I have tried port forwarding, but it still does not seem to work. When I create the connection, I print it out and it is "com.facebook.presto.jdbc.PrestoConnection@XXXXXXX" but I still have doubts if it is actually connected since I can't execute any queries and it always times out.

import java.net.URI;
import java.net.URISyntaxException;
import java.sql.*;

public class PrestoJDBC {
    // JDBC driver name and database URL
    static final String JDBC_DRIVER = "com.facebook.presto.jdbc.PrestoDriver";
    //static final String JDBC_DRIVER = "com.teradata.presto.jdbc42.Driver";

    static final String DB_URL = "jdbc:presto://ec2-XX-XX-XXX-XX.us-east-2.compute.amazonaws.com:8889/hive/default";

    //  Database credentials
    static final String USER = "hadoop";
    static final String PASS = "";

    public static void main(String[] args) throws URISyntaxException {
        Connection conn = null;
        Statement stmt = null;
        try{
            //STEP 2: Register JDBC driver
            Class.forName(JDBC_DRIVER);

            //STEP 3: Open a connection
            //conn = DriverManager.getConnection(DB_URL,USER,PASS);
            conn = DriverManager.getConnection(DB_URL,USER,PASS);
            //STEP 4: Execute a query

            stmt = conn.createStatement();
            System.out.println(conn);
            String sql;
            sql = "select * from onedaytest where readOnly=true;";
            ResultSet rs = stmt.executeQuery(sql);

            //STEP 5: Extract data from result set
            while(rs.next()){

                //Display values
                System.out.println(rs.getString(3));
            }
            //STEP 6: Clean-up environment
            rs.close();
            stmt.close();

            conn.close();
        }catch(SQLException se){
            se.printStackTrace();
        }catch(Exception e){
            e.printStackTrace();
        }finally{
            try{
                if(stmt!=null)
                    stmt.close();
            }catch(SQLException se2){
            }
            try{
                if(conn!=null)
                    conn.close();
            }catch(SQLException se){
                se.printStackTrace();
            }
        }
        System.out.println("Done");
    }

}

I get a java.sql.SQLEXception:Error executing query, and a java.net.SocketTimeoutException. I was wondering if there are any other configurations or things I need to setup to be able to query.

1
Make sure your Security Groups are not preventing the connection from being established. - Piotr Findeisen
I have checked my inbound network connection rules for the emr cluster, but I'm not exactly sure what rule to add or what port number it should be. - moontartan
By default Presto runs on port 8080. Since protocol is HTTP-based, you can verify it works with curl, wget or a web browser - Piotr Findeisen
Resolved. Firewall was blocking connection. Just need to set up port forwarding - moontartan

1 Answers

0
votes

This could be because of firewall, which might not be allowing you to connect to the server. You would have to create an inbound rule in the Master group.

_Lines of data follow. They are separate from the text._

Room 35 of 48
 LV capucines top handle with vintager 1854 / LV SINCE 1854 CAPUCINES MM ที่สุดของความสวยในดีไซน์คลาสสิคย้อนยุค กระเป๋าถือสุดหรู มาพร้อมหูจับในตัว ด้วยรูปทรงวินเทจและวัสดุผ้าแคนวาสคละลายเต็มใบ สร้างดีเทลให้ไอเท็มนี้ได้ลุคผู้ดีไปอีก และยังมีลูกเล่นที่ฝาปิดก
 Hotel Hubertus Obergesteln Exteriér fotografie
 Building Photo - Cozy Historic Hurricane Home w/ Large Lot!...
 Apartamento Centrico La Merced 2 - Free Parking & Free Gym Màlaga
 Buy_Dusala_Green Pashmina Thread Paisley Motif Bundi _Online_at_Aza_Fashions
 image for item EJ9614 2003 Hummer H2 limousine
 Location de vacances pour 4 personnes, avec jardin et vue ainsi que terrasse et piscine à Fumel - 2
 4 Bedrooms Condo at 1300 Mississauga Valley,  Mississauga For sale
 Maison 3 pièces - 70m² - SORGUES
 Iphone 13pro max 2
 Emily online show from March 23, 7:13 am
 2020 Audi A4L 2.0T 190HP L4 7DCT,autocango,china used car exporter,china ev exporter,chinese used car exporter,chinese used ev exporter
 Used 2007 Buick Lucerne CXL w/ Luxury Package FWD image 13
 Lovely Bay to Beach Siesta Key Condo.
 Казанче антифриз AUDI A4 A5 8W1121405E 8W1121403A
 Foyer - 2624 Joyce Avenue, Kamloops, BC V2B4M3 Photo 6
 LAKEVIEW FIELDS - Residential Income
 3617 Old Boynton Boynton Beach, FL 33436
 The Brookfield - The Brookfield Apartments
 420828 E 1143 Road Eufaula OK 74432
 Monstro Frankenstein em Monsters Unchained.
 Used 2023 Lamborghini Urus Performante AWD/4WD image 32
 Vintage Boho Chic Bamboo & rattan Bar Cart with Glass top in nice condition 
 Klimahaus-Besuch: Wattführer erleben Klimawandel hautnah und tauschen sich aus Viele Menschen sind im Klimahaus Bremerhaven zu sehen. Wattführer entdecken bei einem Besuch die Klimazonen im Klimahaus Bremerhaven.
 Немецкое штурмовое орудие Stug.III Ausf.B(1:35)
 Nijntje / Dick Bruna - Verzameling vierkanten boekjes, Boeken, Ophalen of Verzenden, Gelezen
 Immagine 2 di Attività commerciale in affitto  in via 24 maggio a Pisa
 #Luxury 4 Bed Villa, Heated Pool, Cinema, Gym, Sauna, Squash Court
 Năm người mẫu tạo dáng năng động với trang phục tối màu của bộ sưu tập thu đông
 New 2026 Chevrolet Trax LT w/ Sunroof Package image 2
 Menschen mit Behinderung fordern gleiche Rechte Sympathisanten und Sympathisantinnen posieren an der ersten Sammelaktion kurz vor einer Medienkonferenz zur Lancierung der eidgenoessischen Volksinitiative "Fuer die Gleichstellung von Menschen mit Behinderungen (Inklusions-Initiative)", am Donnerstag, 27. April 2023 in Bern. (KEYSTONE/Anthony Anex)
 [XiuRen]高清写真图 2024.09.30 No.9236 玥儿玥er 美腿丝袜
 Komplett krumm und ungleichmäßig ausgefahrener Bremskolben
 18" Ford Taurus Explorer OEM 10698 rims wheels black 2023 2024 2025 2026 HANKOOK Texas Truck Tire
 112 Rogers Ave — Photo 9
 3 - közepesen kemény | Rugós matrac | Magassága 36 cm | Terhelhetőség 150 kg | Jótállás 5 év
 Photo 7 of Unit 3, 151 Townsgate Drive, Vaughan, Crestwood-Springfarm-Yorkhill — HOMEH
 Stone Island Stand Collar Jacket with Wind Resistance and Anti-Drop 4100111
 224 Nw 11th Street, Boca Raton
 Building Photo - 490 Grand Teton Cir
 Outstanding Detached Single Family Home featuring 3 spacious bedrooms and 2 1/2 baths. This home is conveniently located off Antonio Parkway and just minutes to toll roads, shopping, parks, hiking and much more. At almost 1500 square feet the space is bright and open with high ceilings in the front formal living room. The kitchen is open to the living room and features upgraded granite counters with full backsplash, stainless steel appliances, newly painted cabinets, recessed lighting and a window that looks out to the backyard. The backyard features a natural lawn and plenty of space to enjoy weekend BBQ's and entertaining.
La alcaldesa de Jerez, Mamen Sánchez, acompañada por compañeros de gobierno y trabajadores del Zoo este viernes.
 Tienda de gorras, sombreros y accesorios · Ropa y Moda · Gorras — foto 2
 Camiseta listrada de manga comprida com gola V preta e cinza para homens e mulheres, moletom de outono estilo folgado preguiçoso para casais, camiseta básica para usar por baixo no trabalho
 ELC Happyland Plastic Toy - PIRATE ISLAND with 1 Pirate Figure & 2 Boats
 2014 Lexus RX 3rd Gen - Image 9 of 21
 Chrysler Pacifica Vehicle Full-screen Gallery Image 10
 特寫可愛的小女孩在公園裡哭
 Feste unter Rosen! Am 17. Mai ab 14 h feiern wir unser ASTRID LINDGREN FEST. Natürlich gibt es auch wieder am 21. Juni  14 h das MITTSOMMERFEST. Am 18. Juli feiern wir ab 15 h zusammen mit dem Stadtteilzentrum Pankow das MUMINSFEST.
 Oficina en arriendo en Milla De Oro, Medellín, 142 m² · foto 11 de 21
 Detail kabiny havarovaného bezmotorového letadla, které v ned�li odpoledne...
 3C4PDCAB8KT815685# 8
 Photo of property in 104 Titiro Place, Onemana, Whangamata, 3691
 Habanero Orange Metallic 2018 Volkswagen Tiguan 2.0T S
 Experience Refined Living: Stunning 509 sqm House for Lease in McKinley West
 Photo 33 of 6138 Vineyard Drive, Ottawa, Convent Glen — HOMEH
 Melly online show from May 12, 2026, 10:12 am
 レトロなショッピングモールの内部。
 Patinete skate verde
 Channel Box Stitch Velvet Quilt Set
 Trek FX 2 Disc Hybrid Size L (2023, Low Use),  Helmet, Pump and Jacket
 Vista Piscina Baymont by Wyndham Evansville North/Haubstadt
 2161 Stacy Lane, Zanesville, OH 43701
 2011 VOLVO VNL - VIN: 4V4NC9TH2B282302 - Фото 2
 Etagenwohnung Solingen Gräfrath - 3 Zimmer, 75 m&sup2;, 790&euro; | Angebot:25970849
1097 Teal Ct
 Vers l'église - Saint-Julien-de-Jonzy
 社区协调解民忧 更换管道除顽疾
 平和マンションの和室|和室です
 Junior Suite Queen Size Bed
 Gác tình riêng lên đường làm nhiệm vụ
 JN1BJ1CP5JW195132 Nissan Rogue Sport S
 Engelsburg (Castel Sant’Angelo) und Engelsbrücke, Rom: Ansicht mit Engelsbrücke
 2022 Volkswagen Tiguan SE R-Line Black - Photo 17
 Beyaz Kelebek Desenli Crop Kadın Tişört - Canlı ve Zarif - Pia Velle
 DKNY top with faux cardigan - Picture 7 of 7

  1. For that, first select your cluster.
  2. Under "Security and access" heading, click on the link of "Security groups for Master".
  3. Now select the security group with name "ElasticMapReduce-master" and then click on "Edit inbound rules".
  4. At the bottom end, click on "Add Rule" and then in the type select "All TCP" and in the source field select "my ip" or add the ip address from where you want to access.
  5. Click on save rules.

Try Again. It will work!!